High-resolution remote sensing (HRS) semantic segmentation extracts key objects from high-resolution coverage areas. However, objects of the same category within HRS images generally show significant differences in scale and shape across diverse geographical environments, making it difficult to fit the data distribution. Additionally, a complex background environment causes similar appearances of objects of different categories, which precipitates a substantial number of objects into misclassification as background. These issues make existing learning algorithms sub-optimal. In this work, we solve the above-mentioned problems by proposing a High-resolution remote sensing network (Hi-ResNet) with efficient network structure designs, which consists of a funnel module, a multi-branch module with stacks of information aggregation (IA) blocks, and a feature refinement module, sequentially, and Class-agnostic Edge Aware (CEA) loss.

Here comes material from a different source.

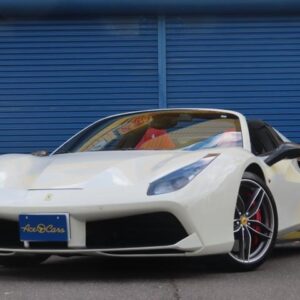 2016 Ferrari 488 Spider pearl gasoline used car Japan export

Specifically, we propose a funnel module to downsample, which reduces the computational cost, and extract high-resolution semantic information from the initial input image. Secondly, we downsample the processed feature images into multi-resolution branches incrementally to capture image features at different scales and apply IA blocks, which capture key latent information by leveraging attention mechanisms, for effective feature aggregation, distinguishing image features of the same class with variant scales and shapes. Finally, our feature refinement module integrate the CEA loss function, which disambiguates inter-class objects with similar shapes and increases the data distribution distance for correct predictions. With effective pre-training strategies, we demonstrated the superiority of Hi-ResNet over state-of-the-art methods on three HRS segmentation benchmarks.

翻译：高分辨率遥感（HRS）语义分割从高分辨率覆盖区域中提取关键目标。然而，HRS图像中同一类别的目标在不同地理环境下通常表现出显著的尺度与形状差异，导致数据分布难以拟合。此外，复杂的背景环境使不同类别的目标呈现相似外观，进而引发大量目标被误分类为背景。这些问题导致现有学习算法的性能欠佳。本文通过提出一种具有高效网络结构设计的高分辨率遥感网络（Hi-ResNet）来解决上述问题，该网络依次包含漏斗模块、由多个信息聚合（IA）块堆叠而成的多分支模块、特征细化模块，以及类别无关边缘感知（CEA）损失函数。具体而言，我们提出漏斗模块进行下采样，在降低计算成本的同时从初始输入图像中提取高分辨率语义信息。其次，我们将处理后的特征图像逐步下采样为多分辨率分支，以捕获不同尺度的图像特征，并应用IA块——通过注意力机制捕获关键潜在信息——实现高效特征聚合，从而区分具有不同尺度与形状的同类图像特征。最后，我们的特征细化模块集成CEA损失函数，该函数消除具有相似形状的类间目标歧义，并通过增大数据分布距离实现正确预测。借助有效的预训练策略，我们在三个HRS分割基准上证明了Hi-ResNet相较于现有最优方法的优越性。